◆ **Given data**
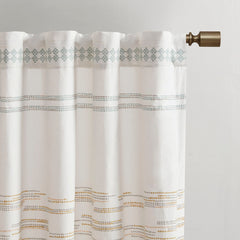 Cotton Printed Curtain Panel with tassel trim and Lining - Off White+Gray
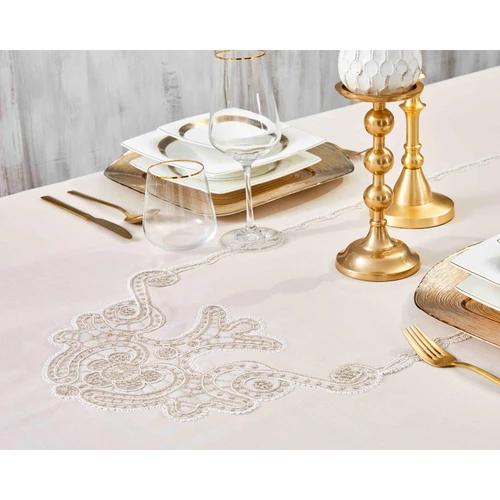 Karaca Home Ades Bej Fransız Dantelli 160x240 Masa Örtüsü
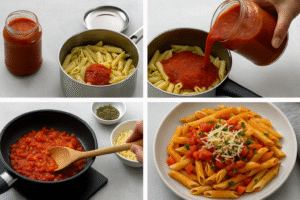 Four-step collage showing pasta with ready-made sauce: jar and pasta, sauce poured, sauce simmering with herbs, and plated pasta with cheese.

◆ **Exercise prompt**
Return nothing except the lines from the one containing "Karaca Home Ades" through the final line of the data, copied exactly. Leave out all pictures.

◆ **Answer for the task**
 Karaca Home Ades Bej Fransız Dantelli 160x240 Masa Örtüsü
 Four-step collage showing pasta with ready-made sauce: jar and pasta, sauce poured, sauce simmering with herbs, and plated pasta with cheese.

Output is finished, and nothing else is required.